Meghan Thompson, pastry chef at Townsman

"Have a game plan! Most desserts have several components and can be made in stages, or over a week's time. That way, the day of a family holiday or get-together, all you have to do is assemble or bake and put finishing touches on!"

Michelle Boland, pastry chef at Davio's Lynnfield

"If home bakers are trying to up their game, I would suggest using any recipe as more of a guide than something set in stone — doing some research on different substitutions, flavors, and potential mix-ins could help create something awesome!"
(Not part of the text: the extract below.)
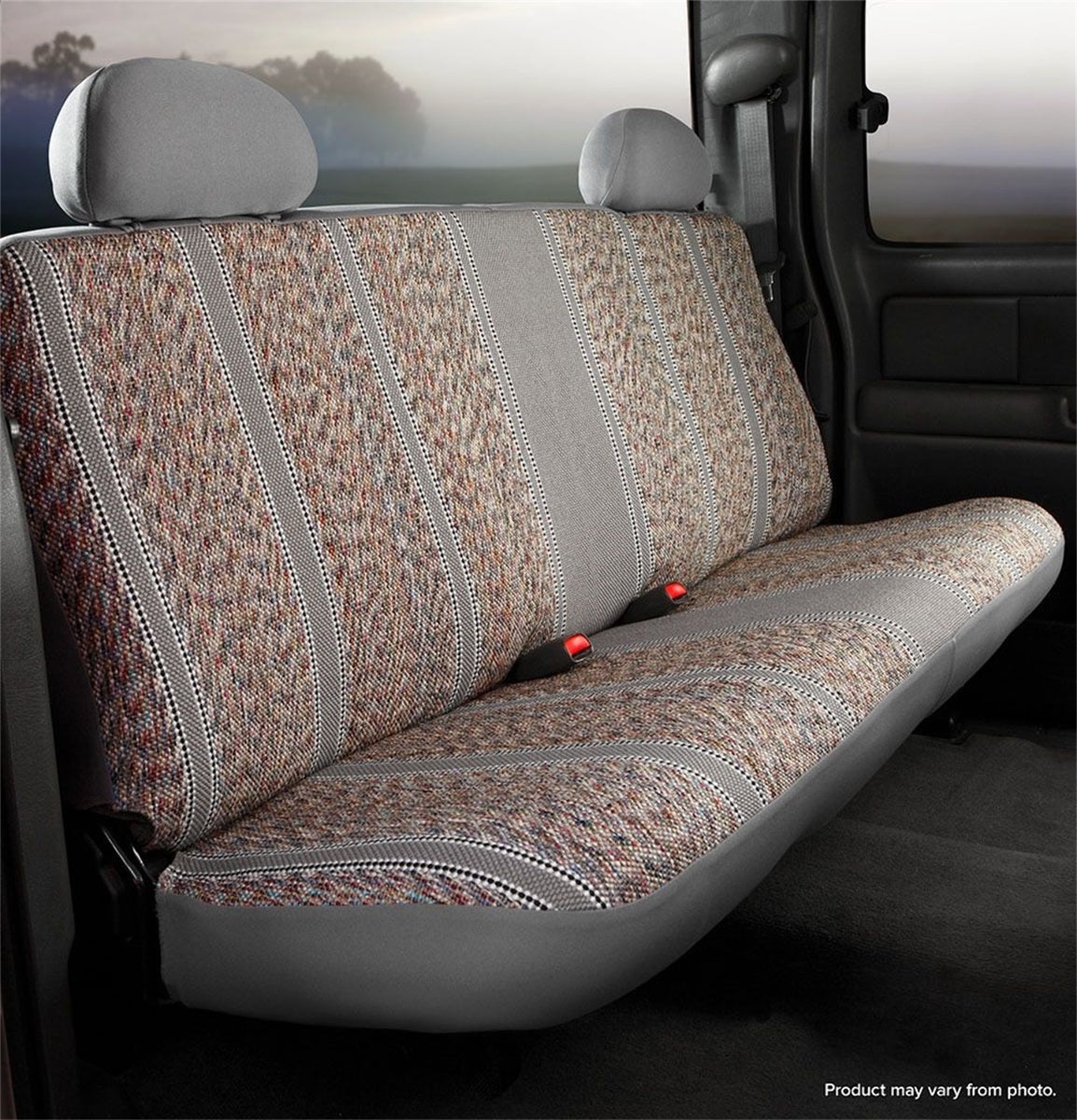 FIA Wrangler Custom Seat Cover, Rear Bench Seat, Gray TR45-14GRAY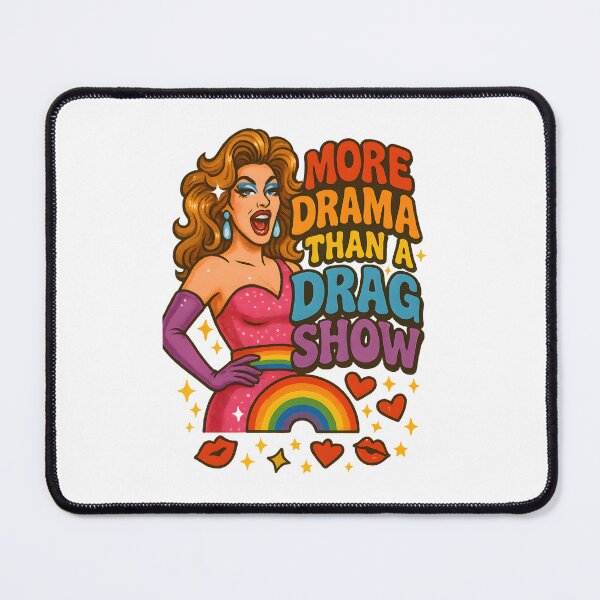 Item preview, More Drama Than A Drag Show Design | Drag Art designed and sold by Haus Of Sin.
Nathan Kibarian, pastry chef at Bastille Kitchen

"If you mess up, try and try again. There’s no way you’ll improve at something if you don’t practice. Start with an item that you enjoy to eat, and learn how to make it. Once you begin to tackle larger and more complicated items, your repertoire will grow, and you will start to hone in on your skills. Once you have the basics down, then you can really begin to experiment with flavors and ingredients with confidence. Also, make sure you are using ingredients at the proper temperature. There is nothing worse than trying to work with a pie dough or cut-out cookie dough that’s too warm or trying to achieve the highest volume in meringues or other whipped egg items with cold eggs."

Rachel Gibeley, pastry chef at Rosebud American Kitchen and Bar

Rachel Gibeley Provided

"Don't be afraid to try something new. Look for a technique that's familiar but has an ingredient that you've never used before. Or vice versa — try a new technique with familiar ingredients. Take your time, and read the recipe twice through before beginning."
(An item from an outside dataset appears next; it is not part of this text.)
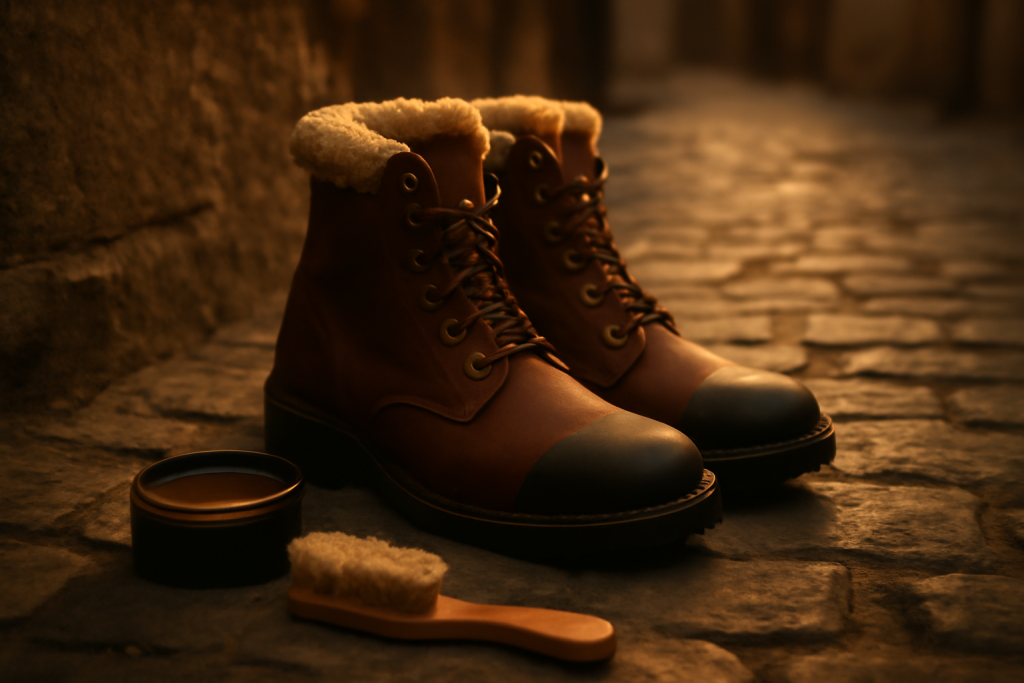 Comment entretenir ses boots en hiver facilement ?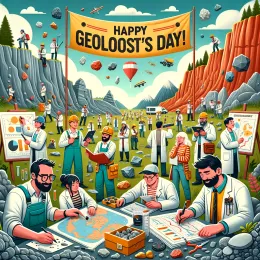 Greeting Card Celebrate Geologist’s Day: Unearth Earth’s Hidden Secrets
Rae Murphy, pastry chef at Porto

"Always use a kitchen scale. Scaling recipes is a great way to learn how ingredients work in proportion with one another, and it makes comparing and combining recipes a breeze."

Robert Differ, pastry chef at Bar Boulud

Robert Differ Provided

"Invest in professional tools and equipment. I would highly suggest a French-style wooden rolling pin as you have more control and can really feel and work your ingredients during preparation."

Robert Gonzalez, pastry chef at Bistro du Midi

Robert Gonzalez Provided

"Having the proper equipment to get the job done. Baking is very technical, and any slight variations can affect your outcome tremendously. That goes from measuring to using the proper equipment to bake and/or cook your delicious goodies."

Shawn Dresser, pastry chef at Boston Harbor Hotel

Shawn Dresser Provided

"Keep it simple. Try to master your technique over glitz."